» Recorded information:
|---|

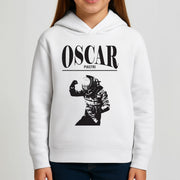 Oscar Orange And Black Kids Hoodie 3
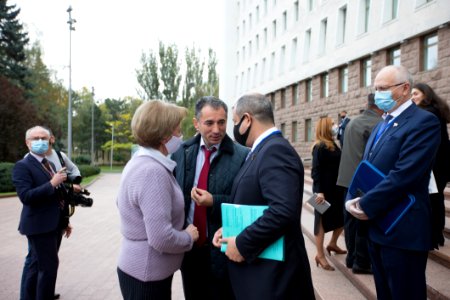31.10.2020 Întrevederea Președintelui Parlamentului, Zinaida Greceanîi, cu misiunea de observatori ai AIP CSI pentru monitorizarea alegerilor parlamentare (50549761218)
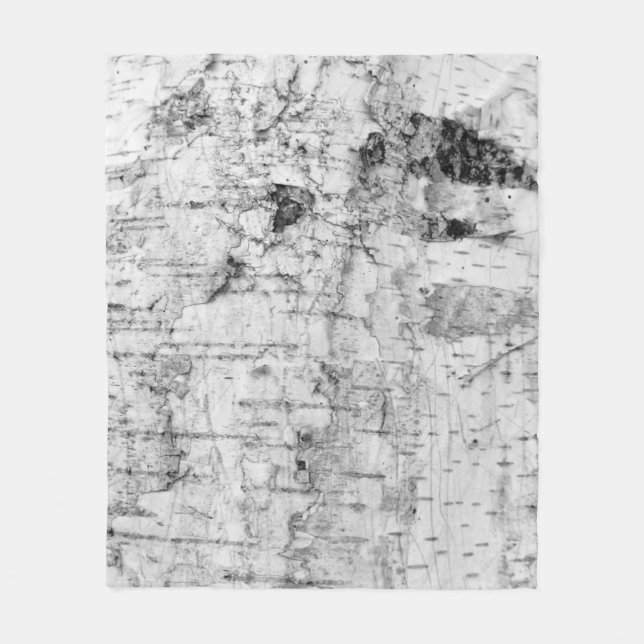 Couverture Polaire Birch bark pattern fleece blanket (Devant)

|---|

» Activity:
Everything in the data above should be set down again exactly, except the pictures.

» Reply:
 Oscar Orange And Black Kids Hoodie 3
31.10.2020 Întrevederea Președintelui Parlamentului, Zinaida Greceanîi, cu misiunea de observatori ai AIP CSI pentru monitorizarea alegerilor parlamentare (50549761218)
 Couverture Polaire Birch bark pattern fleece blanket (Devant)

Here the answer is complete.